计砚在听到管咴咴几个可能要搞事,非但不着急,还有些兴奋,哦,自豪?那表情仿佛在说‘瞧,我儿子多出息!快回来看啊!’
就很没眼看。
很快,车队就出发了。也不知是有意还是无意的,车速很慢。
基地附近早被清理干净,压根没什么异兽,车速开到最大都不为过,这帮人就是故意的。
管今毓白眼都要翻到天上了,她感觉护卫队这帮人绝对找虐。
果然,管老大不是吃素的。
马蹄一扬起,打了一个弯,就冲出车队,然后自开一道,朝前奔跑。
管今毓和计砚早有准备,稳稳抓住缰绳。
大黄也不甘示弱,拉着牛车紧随其后。
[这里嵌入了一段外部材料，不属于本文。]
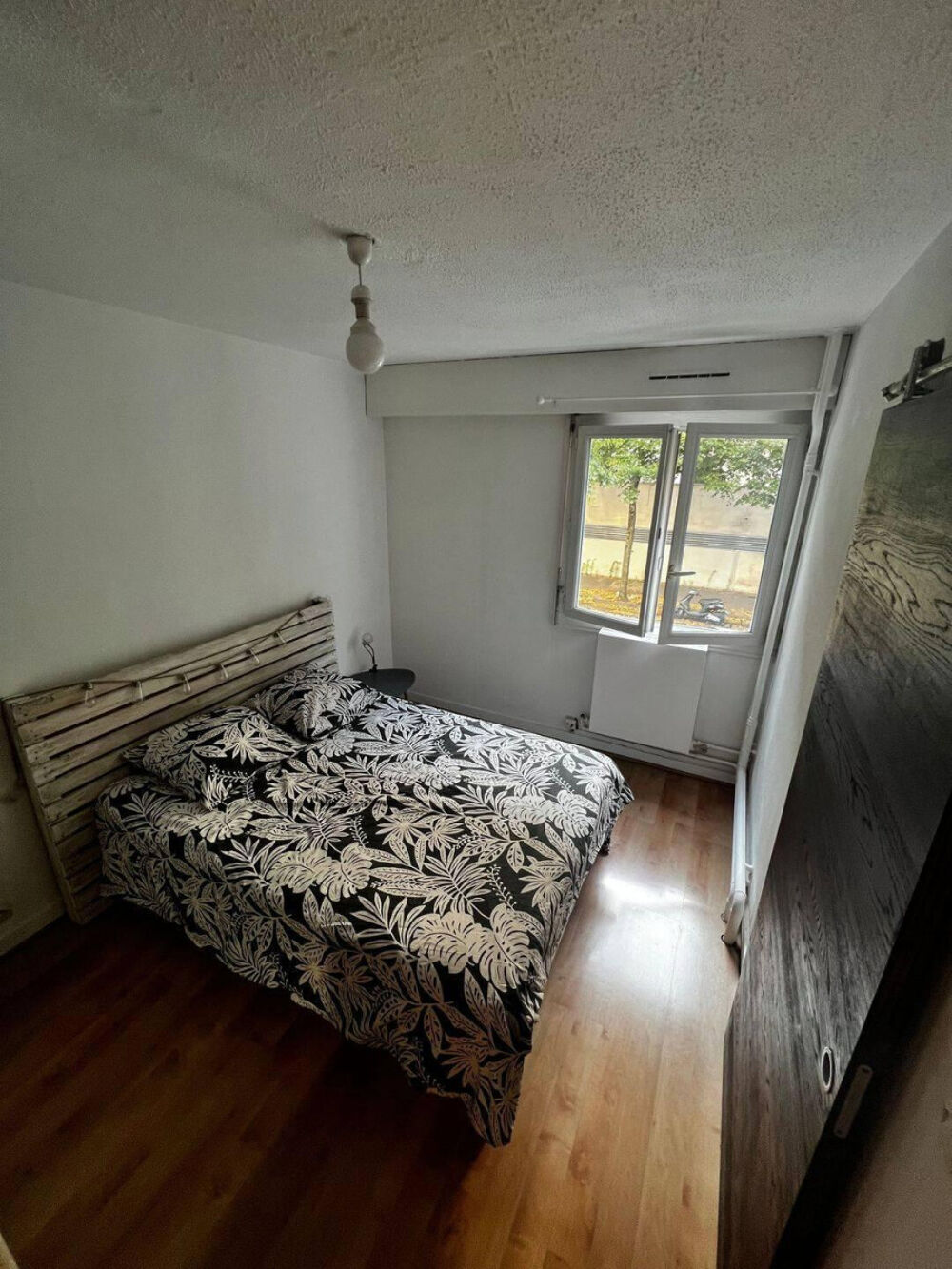 Location Appartement T2 meublé 40m² + parking Nansouty Bordeaux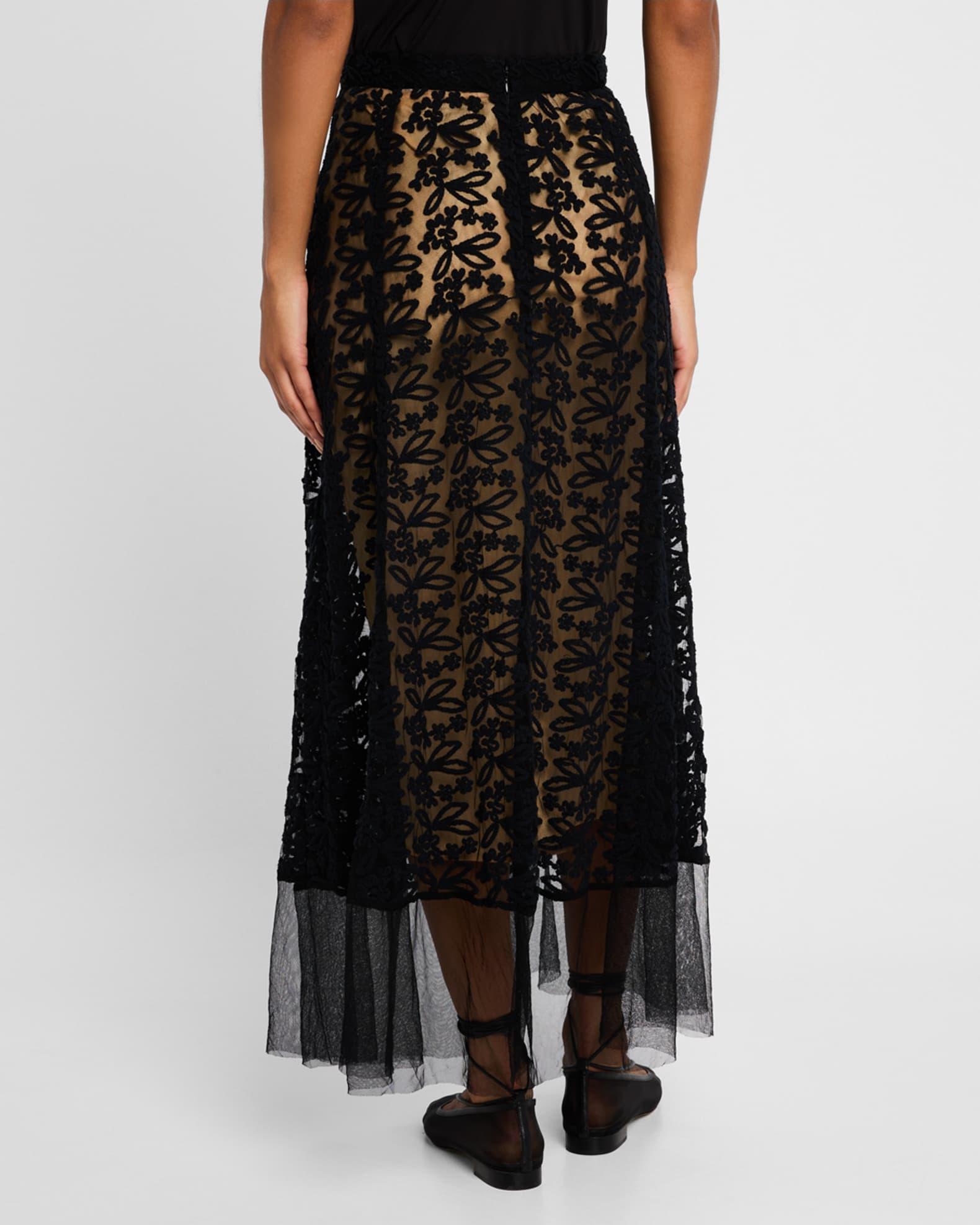 The Era Skirt Product Image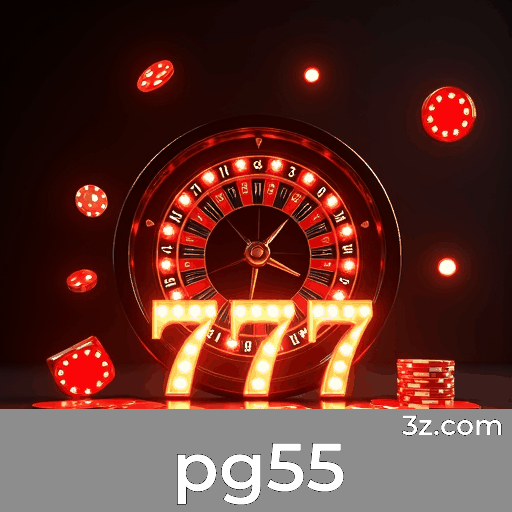 pg55: Seu Cassino Online Seguro e Confiável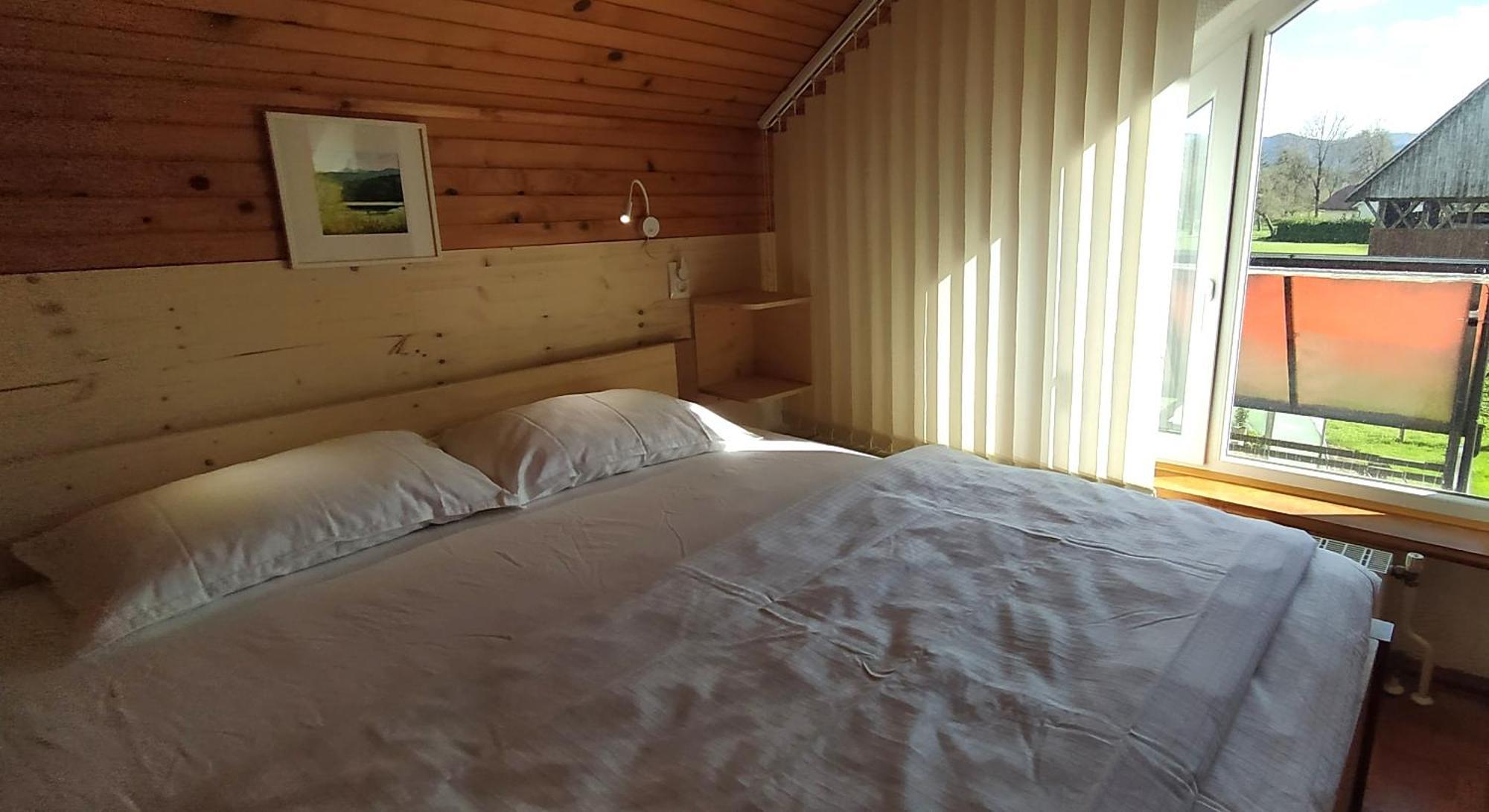 Apartment Jezerka Cerknica Εξωτερικό φωτογραφία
计砚和徐胜彪通过气,驾车的是最稳当的五虎。
其他人咋都在车厢里。
管咴咴很轻松就超过了前面一辆车,‘嘶嘶’朝人家叫了一声,继续往前跑。
超过一辆,朝人家驾驶位嘶吼两声,那调调,就算大家听不懂也知道它在骂人,而且骂地很脏。
护卫队:……
人家都上门挑衅了,他们能不比一比吗?
后面的不停地按喇叭,催促前面的开快点,前面的也开始按喇叭,催促更前面的……
很快,队伍就吵成一团,全都是喇叭声。
管今毓也不知道自己今天第几次无语了,“你说他们傻不傻?不会用对讲机吗?呃,没对讲机播个视讯也可以啊啊。”
计砚哑然:“可能太激动了。”
管今毓瘪嘴,“就是傻。”
计砚:“……”
管今毓继续输出,“你现在还觉得廖家这个决定做对了?”
计砚勉强挽尊:“……主要是廖辉。”
“哦,也是。”管今毓对廖辉的观感还是很不错的。
此时管咴咴和计咴咴已经带着马车跑到最前面。他们车厢里没多少东西,拉起来很轻松。
这让习惯负重前行的两匹马整个飘飘然,仿佛要飞起来一般。
很快就将车队甩在后面。大黄一直在后面死死咬着,速度虽没咴咴们快,但耐力绝对够,以致差点惊掉一大波人的下巴。